By Naini Setalvad
Contrary to popular perception, ghee is one of the most essential and healthy ingredients of Indian cuisine, says Naini Setalvad
Who doesn’t love ghee? A teaspoon of it in hot dal, or a smear on a masala dosa, or a generous ladle in halwa can send anyone into gastronomic heaven. And the good news is, it is also quite kosher. Ghee is no longer the black sheep of the fat family.
Nutritionists, researchers and our own lifestyles have awakened us to the benefit of fats. Fats are needed in a balanced way as they provide energy, and are a vital brain food. Ghee contains fatty acids which are the building blocks of the membranes of every cell in our bodies. Vitamins like A, E, D and K are fat soluble. Ghee helps retain these vitamins. Vitamin E is heart-friendly, and for its absorption too, ghee is needed. My grandmother always said, “Ghee nahi khaoage to chamdi sukh jayegi”(Without ghee, your skin will dry). So true scientifically. Vitamin A which is for hair, eyes and skin needs fat to absorb it. It is even better if it is a good quality fat.
Qualities of ghee
Ghee is lactose-free and reduces plasma LDL cholesterol, which is bad cholesterol. Cholesterol-prone readers should use ghee in moderation. It is rich in antioxidants, feeding all layers of body tissue and serves to strengthen the immune system. Ghee also has medicinal value. It has high concentration of butyric acid, a fatty acid that contains anti-viral properties, which inhibits the growth of cancerous tumours.
Benefits of ghee
|Naini Setalvad is a nutritionist, |
specialising in lifestyle and immunity disorders. Her foundation, Health For You, throws light on healthy food habits.

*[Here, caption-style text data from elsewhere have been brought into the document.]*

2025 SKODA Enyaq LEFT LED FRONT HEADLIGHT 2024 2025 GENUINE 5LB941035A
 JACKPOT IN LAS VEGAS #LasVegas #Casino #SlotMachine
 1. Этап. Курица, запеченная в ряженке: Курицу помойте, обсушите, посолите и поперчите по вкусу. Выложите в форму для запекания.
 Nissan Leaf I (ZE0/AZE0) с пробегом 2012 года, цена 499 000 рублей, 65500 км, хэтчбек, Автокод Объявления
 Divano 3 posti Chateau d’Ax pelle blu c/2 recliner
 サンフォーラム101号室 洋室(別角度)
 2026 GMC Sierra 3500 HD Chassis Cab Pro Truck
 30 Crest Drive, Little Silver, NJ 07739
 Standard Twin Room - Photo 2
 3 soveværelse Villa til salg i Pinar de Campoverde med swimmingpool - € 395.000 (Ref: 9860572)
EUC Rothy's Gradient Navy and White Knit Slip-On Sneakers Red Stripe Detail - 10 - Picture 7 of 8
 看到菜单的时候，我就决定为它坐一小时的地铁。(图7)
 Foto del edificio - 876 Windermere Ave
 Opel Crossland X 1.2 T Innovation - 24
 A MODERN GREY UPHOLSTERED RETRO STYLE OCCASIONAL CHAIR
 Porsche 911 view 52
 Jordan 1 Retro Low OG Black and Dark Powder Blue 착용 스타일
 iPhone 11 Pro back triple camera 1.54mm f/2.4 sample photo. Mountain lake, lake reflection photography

Ayurveda specialists consider cow’s ghee to be the ultimate sattvic food. According to them it nurtures beauty, removes headache, helps soothe acidity, indigestion, and gives vital fire to the body. Mythology says that a few centuries ago, saints had the strength and digestion to drink a bowl of ghee! Ghee plays a sacred role in Vedic and Hindu rituals, in anointments and yagnas and is the principal fuel for lighting a ceremonial lamp. The Charaka Samhita (an old Ayurvedic text), and the Rig Veda both extol ghee as a pure and a rich ingredient. Even today it is a mark of wealth.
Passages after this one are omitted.